I don’t remember falling asleep, I only remember waking. The trailer pitched as if the ground had split open beneath it. For years we’d been warned that Willis sat on a fault line. I prayed I would end up in the same hole as my parents. Gwen clawed at my back. “Jesus, somebody’s trying to knock the trailer over,” she said. Only then did I realize it was the trailer shaking, not the earth. “Damn you and your crazy trapper,” she sputtered. She thought that talking about a man could bring him to life. The rocking stopped and the trailer shuddered as it settled back into its ruts.
Gwen said, “Lock the door.”
“Why me?”
“You’re closest.” She gave me a little kick.
I wasn’t scared, but I believed the best thing to do at times like these was to screw your eyes shut and pull the covers over your head until the bad thing went away. I slid the bolt in place. “Anyone who can rock this trailer can rip the door right off the hinges,” I said.
Gwen jumped out of bed to rummage through the closet. She came up with a broken broom handle and a flashlight. When she flicked it on, I knocked it from her hand and the light blew out. “He’ll see us,” I said.
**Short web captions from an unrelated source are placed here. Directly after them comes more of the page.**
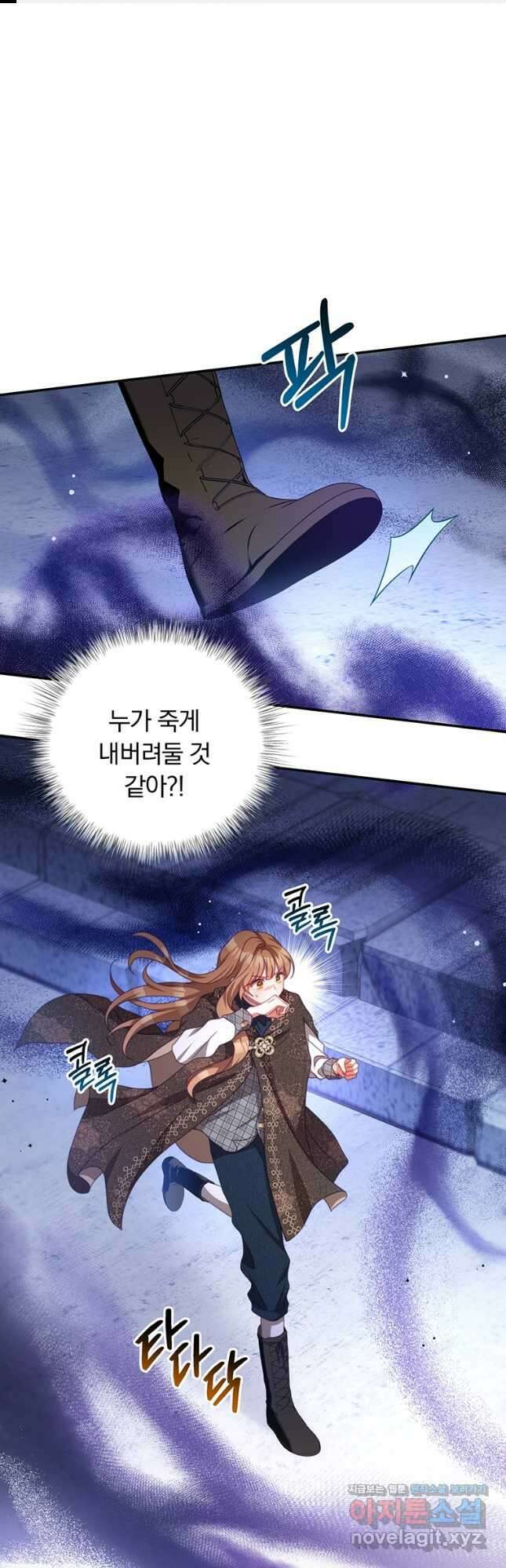 남주의 연적이 되어 버렸다 81화 1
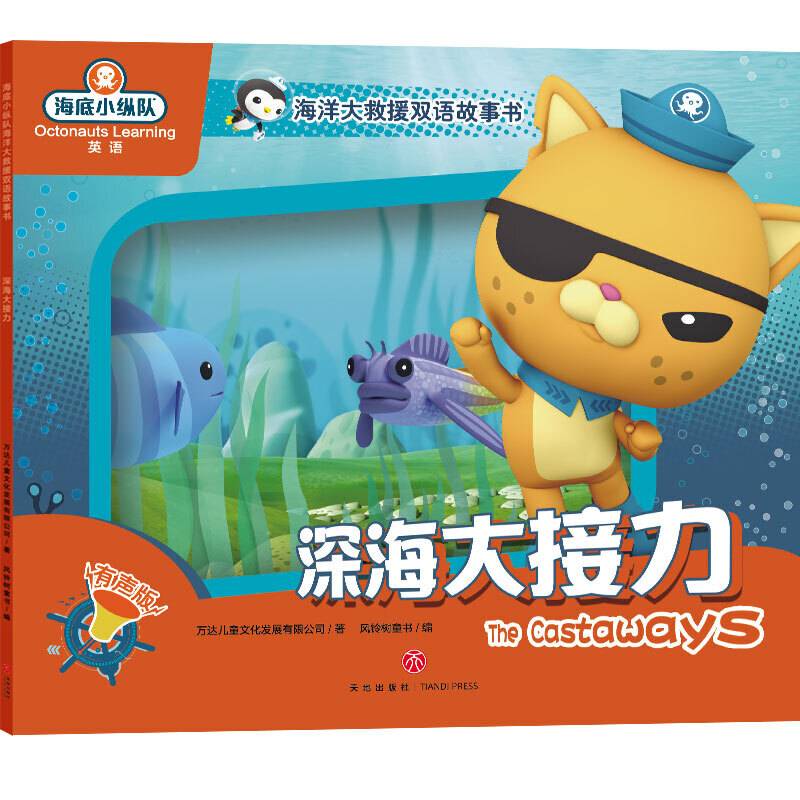 海底小纵队海洋大救援双语故事书 深海大接力
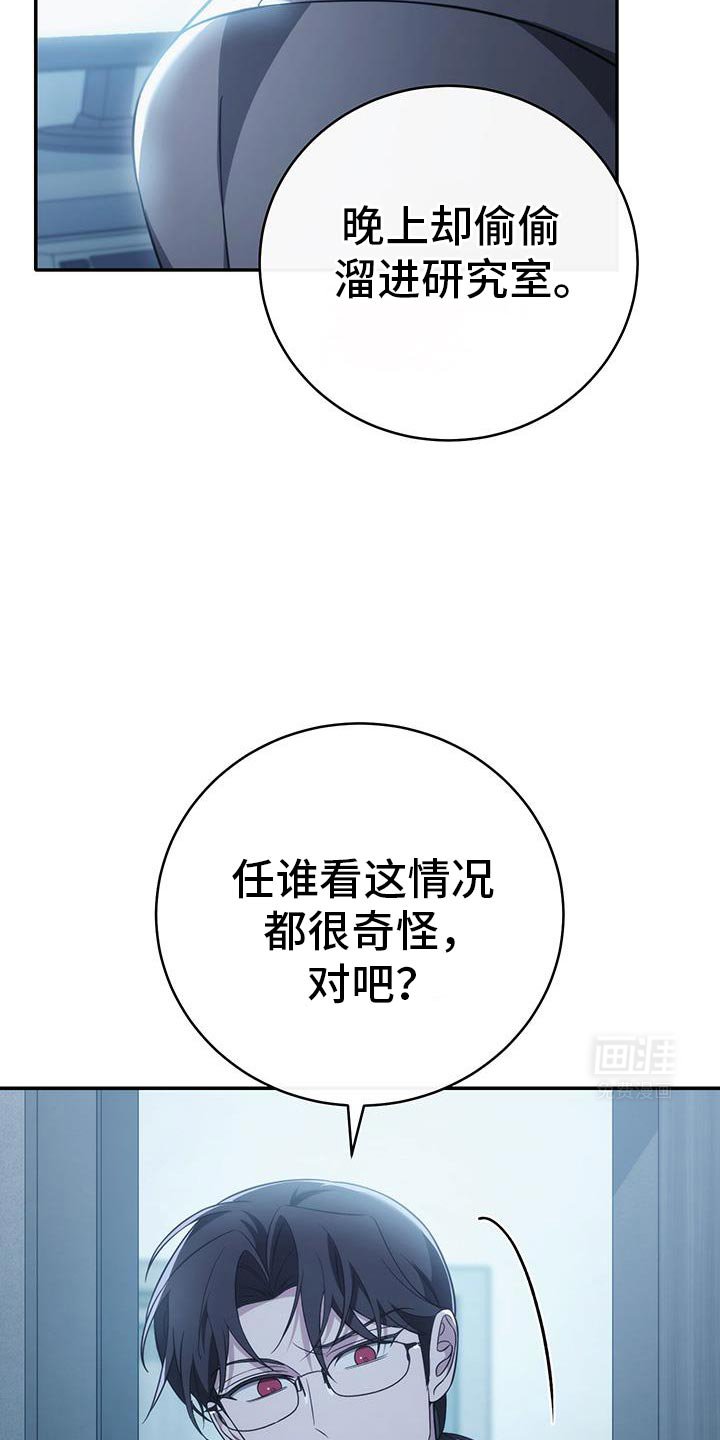 第76章：【第二季】属于我的道路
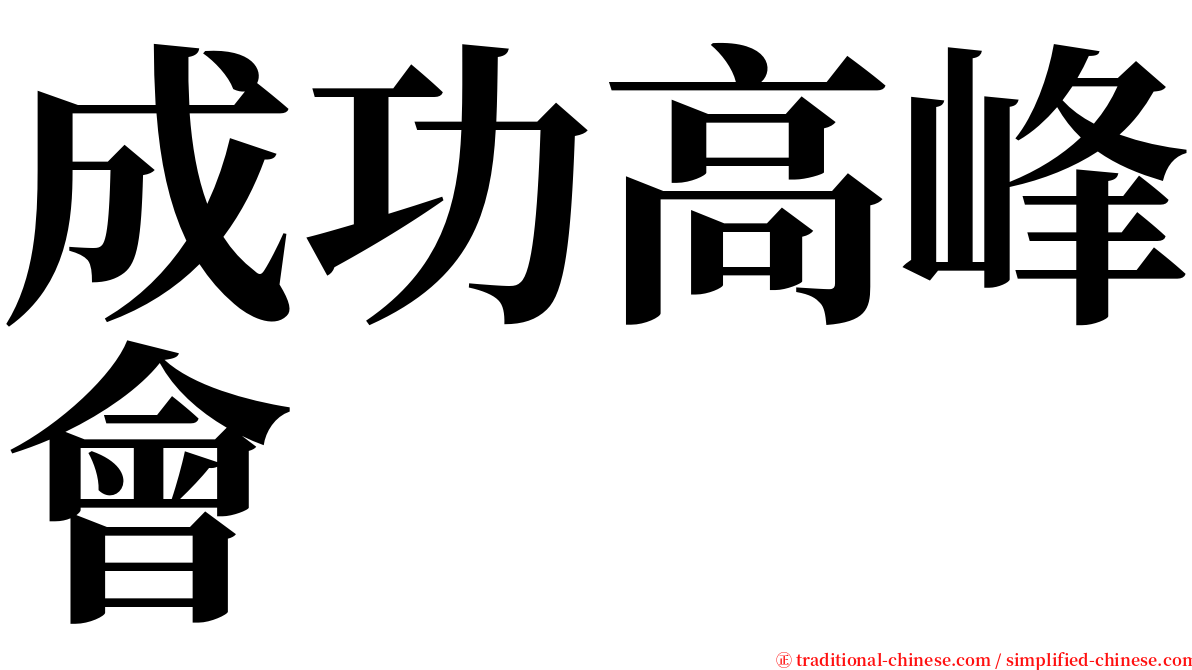 成功高峰會 serif font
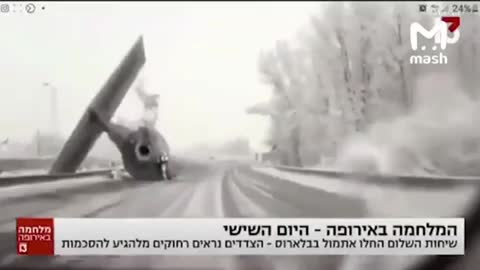 Star Wars footage shown in Ukraine news report from Israel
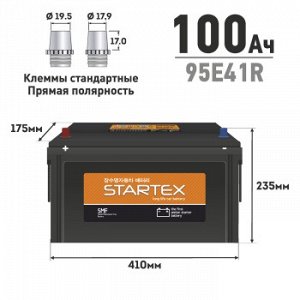 АКБ STARTEX 100 Ah R ССА 730А 410*175*235 необслуж. (1/40) SMF95E41R.STX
The trailer swayed again. I tugged the broken broom handle away from Gwen. Its jagged edge gave me a vague idea of how I might use it.
“I bet it’s Myron Evans,” she said, “that dirty little creep.”
In my mind I saw Myron dragging his bad foot. “It can’t be Myron,” I said. “He’s not strong enough.”
“It is Myron. Who else but a pervert would try to scare us this way? I’ll beat his head with the flashlight if he comes in here. I’ll crack his skull, I swear.”
Suddenly everything was still. I pulled myself up to the window just in time to see two boys leap the fence and duck down the alley, Gwen’s rotten brother and his slow shadow.
“Can you see anything?”
“No, nothing.”
“Do you think he’s gone?”
“Yes, I think so.”
“I bet Myron knows Zack told us what he tried to do. He wants to scare us so we won’t talk. They can lock a man up for good for the kind of stuff Myron Evans likes.”
Poor Myron. He even got blamed for things he didn’t do. I remembered a time when a gang of us followed Myron home. We hid behind trees and shrubs and called to him: Myron, oh Myron. We sang it. Sweetheart, Dear One. He twirled in the street, looking for us, nearly stumbling over his lame leg. Myron, my darling. And he hobbled away, trying to run. But he was brave, much braver than I was. When he was just a child and those boys pinned him to the ground, he was strong enough to beat his own head bloody.
Gwen said, “Maybe it was the trapper. I bet he saw my hair and thought I was the Indian girl.” She was no longer afraid. The trapper was no different from the boys cruising Main, and Gwen was smiling, her teeth wet and shiny in the dark. She whispered, “Do you think he’ll keep after me?”
7
WE CALLED ourselves Lutherans, as good as any in the county, but we only made it to church when the mood struck my father. In late September the feeling hit him hard. That’s when I heard the story of Freda Graves, how she’d fallen away, possessed by some private passion.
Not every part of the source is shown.